[What you should do]
Only the lines from the one containing "கோயம்பேடு மார்க்கெட்டில் வரத்து" through the last line below belong in your copy; transcribe them exactly and omit any pictures.

[Data shown]
----------------------------------------
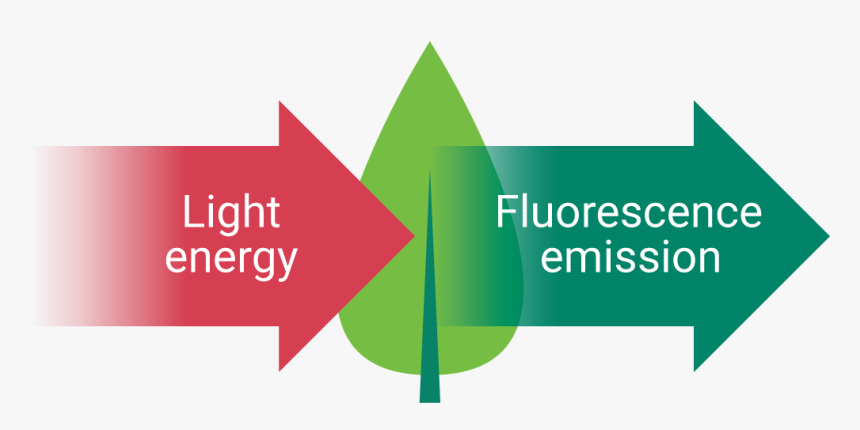 Diagram Of Chlorophyll Fluorescence - Graphic Design, HD Png Download, Free Download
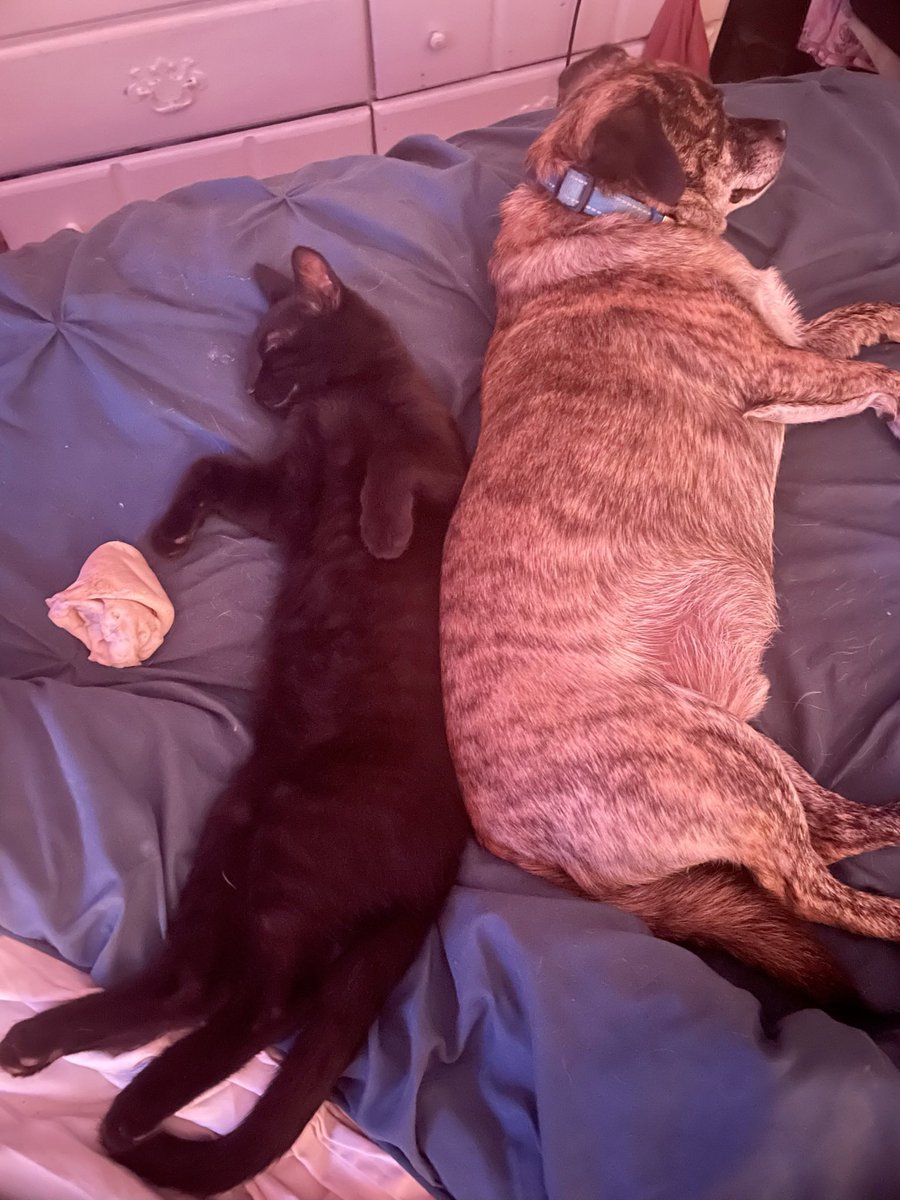 Hanging with my new best friends Freddy. #cats #dogs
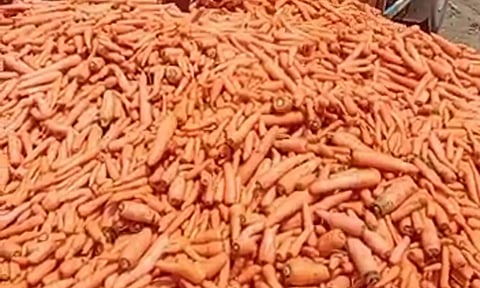 கோயம்பேடு மார்க்கெட்டில் வரத்து அதிகரிப்பால் விலை வீழ்ச்சி- தினமும் 10 டன் கேரட் குப்பையில் வீச்சு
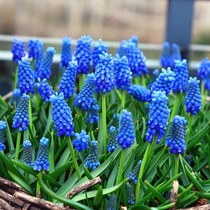 10 grape winnoons seed balls for many years raw with floral ball root Four Seasons Balcony Potted for cold-resistant seed Tulip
----------------------------------------
[Expected output]
 கோயம்பேடு மார்க்கெட்டில் வரத்து அதிகரிப்பால் விலை வீழ்ச்சி- தினமும் 10 டன் கேரட் குப்பையில் வீச்சு
 10 grape winnoons seed balls for many years raw with floral ball root Four Seasons Balcony Potted for cold-resistant seed Tulip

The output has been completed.